Quando sento quieta para costurar uma roupa velha ou levanto a enxada para devolvê-la de novo ao chão, abrindo covas, arrancando as raízes das plantas, é que esse fio, que tem sido meu pensamento, vai se fazendo trama (p. 170).
Faltam palavras para expressar o que senti ao ler Torto arado, do escritor baiano Itamar Vieira Junior. Esse foi mais um presente da minha querida amiga Ana Luiza, que leu o livro, pensou em mim e acertou ao imaginar que eu gostaria de conhecê-lo também.
As personagens principais da história são duas irmãs de personalidades e sonhos um tanto distintos, que se unem por um acontecimento gerado pela curiosidade infantil e se separam por um mal-entendido. As duas se tornam mulheres fortes, que levam suas vidas por caminhos diferentes, mas ambas donas de seu destino.

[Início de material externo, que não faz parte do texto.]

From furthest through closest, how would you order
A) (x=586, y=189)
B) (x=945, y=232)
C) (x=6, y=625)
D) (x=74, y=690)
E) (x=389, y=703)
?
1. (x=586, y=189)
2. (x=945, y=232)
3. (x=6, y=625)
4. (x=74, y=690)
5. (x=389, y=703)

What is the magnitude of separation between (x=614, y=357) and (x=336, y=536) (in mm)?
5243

A história tem como cenário o meio rural baiano e é tão realista, embora com eventos fantásticos, que cheguei a pensar que realmente ocorreu. O texto é simples, sem deixar de ser profundo, primoroso, poético.

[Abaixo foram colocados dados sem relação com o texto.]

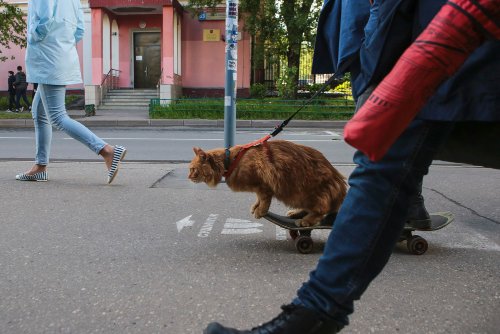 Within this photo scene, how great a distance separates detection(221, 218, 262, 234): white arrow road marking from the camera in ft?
12.4

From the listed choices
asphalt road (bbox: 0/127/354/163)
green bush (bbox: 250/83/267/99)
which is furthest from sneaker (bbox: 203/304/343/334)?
green bush (bbox: 250/83/267/99)

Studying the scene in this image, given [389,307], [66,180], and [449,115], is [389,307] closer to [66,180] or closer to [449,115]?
[449,115]

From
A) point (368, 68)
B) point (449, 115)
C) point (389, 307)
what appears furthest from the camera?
point (389, 307)

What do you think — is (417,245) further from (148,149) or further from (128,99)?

Sem a comunicação era como se nos silenciássemos mutuamente. Era silenciar o que tínhamos de mais íntimo entre nós. Sem poder me tocar, ela não poderia sentir a vibração da respiração em meu corpo. Sem poder lhe tocar, não poderia sentir a velocidade com que o rio de sangue corria em sua veias (p. 52).
Encantei-me pela formação das personagens, principalmente das duas irmãs. Conseguia até imaginá-las enquanto lia (Ana e eu até conversamos a respeito disso). Senti-me escutando da boca delas suas histórias. E nasceu em mim um carinho especial por Belonísia.

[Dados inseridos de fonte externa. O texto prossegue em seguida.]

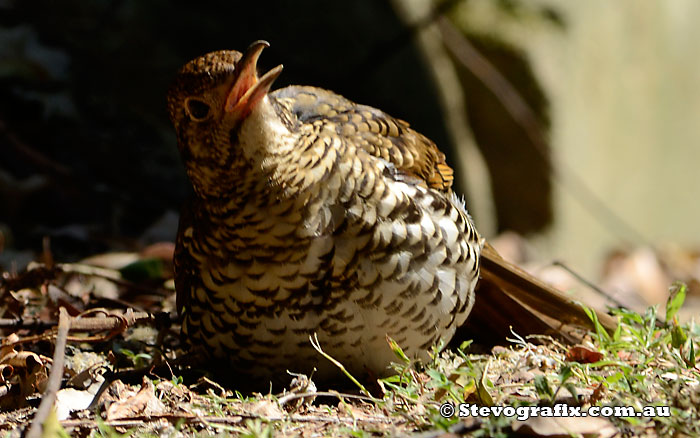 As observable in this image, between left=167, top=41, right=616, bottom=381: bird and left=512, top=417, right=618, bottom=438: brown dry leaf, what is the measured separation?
63 cm

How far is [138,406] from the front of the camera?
7.20 ft

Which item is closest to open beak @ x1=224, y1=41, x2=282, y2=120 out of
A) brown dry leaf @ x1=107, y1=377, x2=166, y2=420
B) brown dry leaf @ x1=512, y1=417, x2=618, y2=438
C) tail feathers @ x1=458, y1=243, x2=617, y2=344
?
brown dry leaf @ x1=107, y1=377, x2=166, y2=420

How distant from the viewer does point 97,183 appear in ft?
16.4

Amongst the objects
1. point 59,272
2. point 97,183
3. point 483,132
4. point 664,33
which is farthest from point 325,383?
point 664,33

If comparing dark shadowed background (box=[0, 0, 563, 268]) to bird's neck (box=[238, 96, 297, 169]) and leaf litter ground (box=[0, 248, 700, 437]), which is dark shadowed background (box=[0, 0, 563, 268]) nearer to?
leaf litter ground (box=[0, 248, 700, 437])

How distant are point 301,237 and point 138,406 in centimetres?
62

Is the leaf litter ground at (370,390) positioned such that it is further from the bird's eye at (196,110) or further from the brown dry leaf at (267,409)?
the bird's eye at (196,110)

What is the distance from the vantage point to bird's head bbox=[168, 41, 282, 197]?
2.17 metres

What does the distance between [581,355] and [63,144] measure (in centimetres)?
363

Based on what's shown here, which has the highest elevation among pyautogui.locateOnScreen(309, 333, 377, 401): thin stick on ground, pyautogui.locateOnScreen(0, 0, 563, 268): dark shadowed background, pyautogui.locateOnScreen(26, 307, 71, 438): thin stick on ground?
pyautogui.locateOnScreen(0, 0, 563, 268): dark shadowed background

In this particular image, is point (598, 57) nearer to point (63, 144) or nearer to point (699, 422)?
point (63, 144)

Em volta das duas irmãs vemos a vida da família; dos pais, envolvidos em curandeirismo, misticismo e fé; da avó, perturbada por um passado secreto; dos vizinhos, com seus problemas particulares; dos trabalhadores, mantidos quase em regime de escravidão.
Sou fã de obras que abordam realidades brasileiras (sobretudo alguma das várias realidades nordestinas) e, ainda mais, quando o fazem sem necessariamente se restringirem à seca ou à fome. Torto arado toca nesses dois pontos, mas isso não é o centro. Para mim, o principal é o crescimento das protagonistas, a tomada de consciência e a transformação da comunidade.
Era um desejo de liberdade que crescia e ocupava quase tudo o que fazíamos. Com o passar dos anos esse desejo começou a colocar em oposição pais e filhos numa mesma casa (p. 187).
Sei que esta minha apresentação não é suficiente para mostrar a grandiosidade dessa obra (e não poderia mesmo) — eu falei que me faltam palavras. Só quem ler o livro vai compreender, de fato, o que eu quis dizer aqui; vai entender também por que é merecido o reconhecimento que esse trabalho e o autor vêm conquistando.